The design team around Monika Losos, Tina Bunyaprasit and Werner Aisslinger came up with a collage-like look for the new Stockholm hotel that echoes the studio’s other hotel projects. Contemporary design furniture shares space with vintage items and flea-market finds. The layout is as lovable as it is functional, with points of focus being set by crazy notions, colours and materials. The Hobo Hotel is housed in a converted 1970s building and has 201 rooms, some without windows in keeping with standard Scandinavian practice. The hotel’s lobby and restaurant are located on the ground floor, right by Brunkebergstorg.

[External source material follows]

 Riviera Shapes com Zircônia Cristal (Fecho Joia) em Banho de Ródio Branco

All public areas in the building are stocked with lushly flowering greenery and on the ground floor next to the entrance there is even an indoor vegetable patch. Mint, basil, lettuce and chard for kitchen and bar grow on the open shelves. Though the spaces are not particularly extensive, they make a very inviting impact due to their vibrant fitments. Studio Aisslinger has additionally defined individual zones with the aid of furniture and plants, which makes the space seem bigger.
Architects and building
Photo: Steffen Jänicke
“It was our aim to lend the building an international, sporadic, spontaneous air. It mustn’t come across as being set in its ways. We’ve injected a shot of Berlin chaos. Scandinavia is severe and elegant, but thriving cities like Stockholm or Copenhagen do often yearn to be a bit like Berlin.”

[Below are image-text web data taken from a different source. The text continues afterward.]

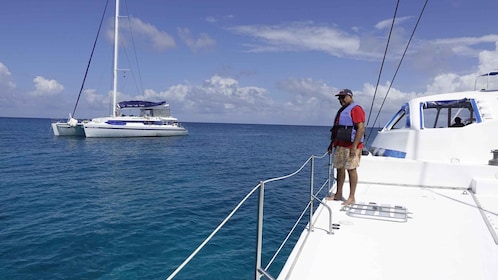 Desde Mahé: recorrido de isla en isla a Praslin y La Digue con almuerzo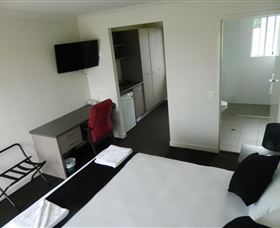 Dooleys Tavern And Motel Springsure - Car Rental 0
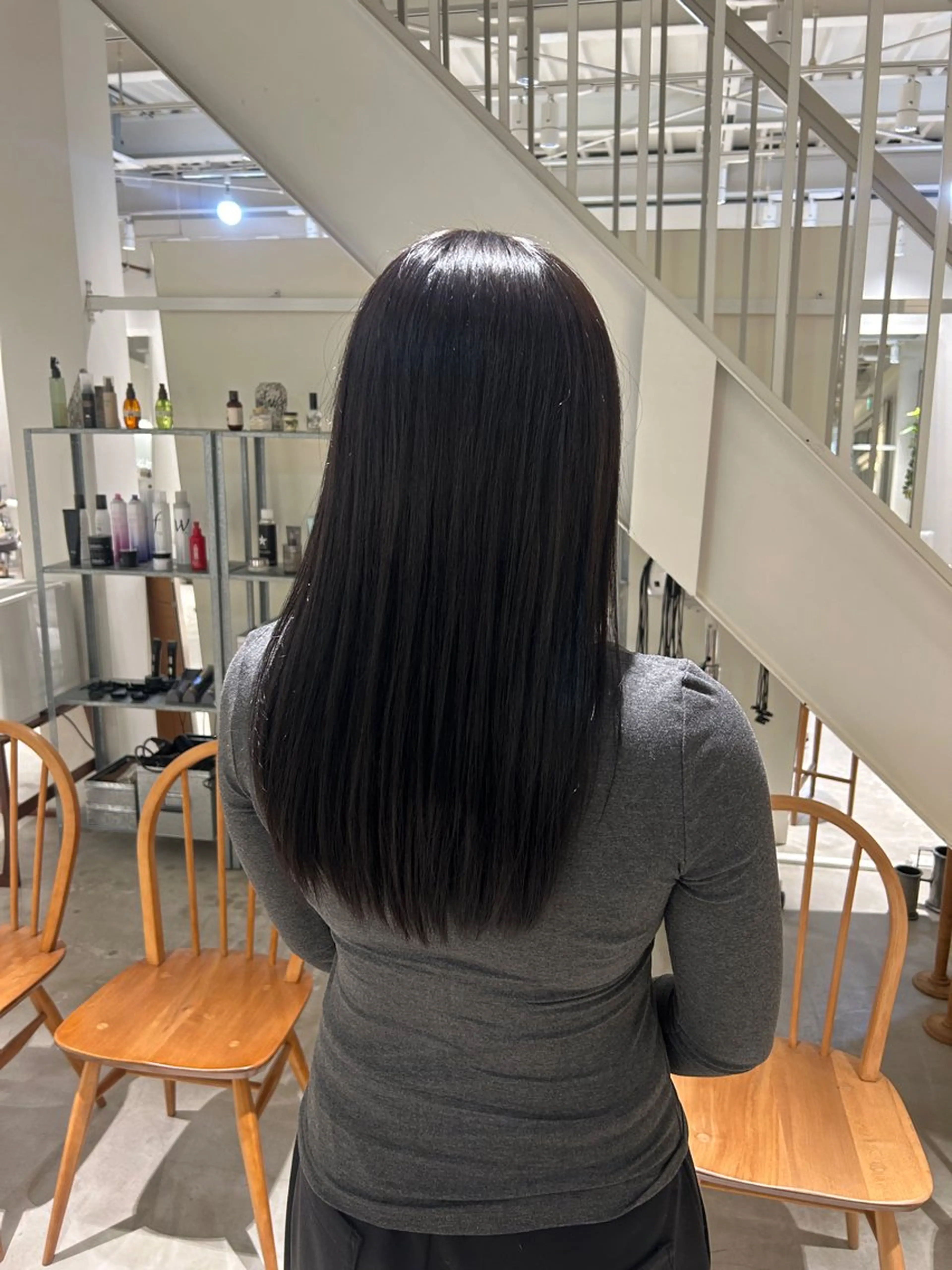 ロング ヘアカラー 篠原 若奈のヘアスタイル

Looking out onto the city from bed
Guests’ rooms are likewise none too sizeable – hardly surprising given the building’s central location. But here, too, Studio Aisslinger has made the most of it - by unconventionally placing the beds in some of the rooms right up against the window, for instance. That saves floorspace whilst also affording views out over the Stockholm cityscape, on the upper floors at least. Adjoining the head of the bed is a board that can be used as either a night-table or a writing desk. For the rest, bulky cupboards are dispensed with in favour of open storage spaces, hooks and clothes’ racks.

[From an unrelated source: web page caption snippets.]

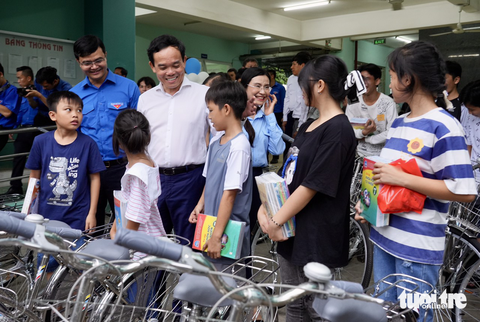 Phó thủ tướng Trần Lưu Quang tặng quà trẻ có hoàn cảnh đặc biệt - Ảnh 1. Phó thủ tướng Trần Lưu Quang tặng quà trẻ có hoàn cảnh đặc biệt - Ảnh 1.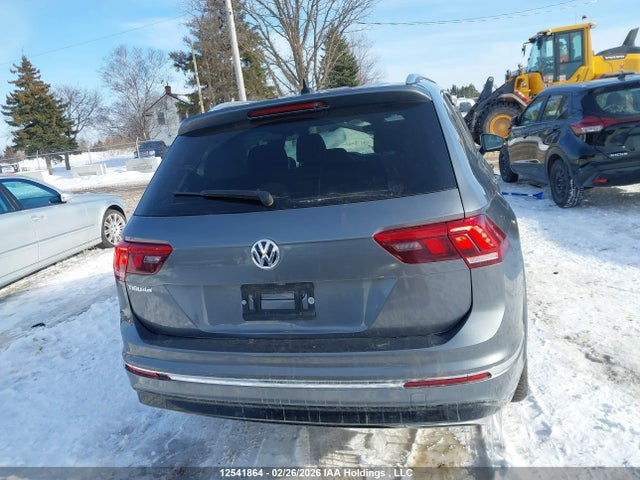 3VV4B7AX1LM133739 Volkswagen Tiguan Sel Premium R-line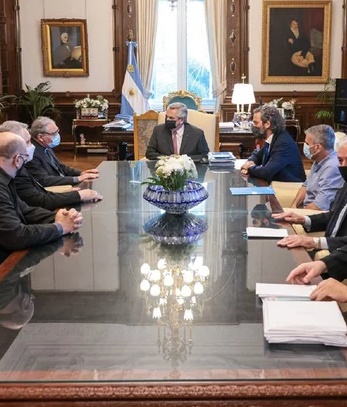 Alberto Fernández espera  un informe  para definir si  viaja a la Antártida  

A comparatively large amount of space was reserved for bathrooms that are compact but by no means cramped. A walk-in glazed shower and washstand deliver modern levels of comfort. All room and bathroom doors are fitted with FSB 1226 handles designed by Werner Aisslinger. The sofas in the lobby and bar and the hotel’s luminaires were likewise designed by Studio Aisslinger. One way and another, then, guests at the Hobo Hotel can also get to experience a bit of the atmosphere of Berlin during their stay in Stockholm.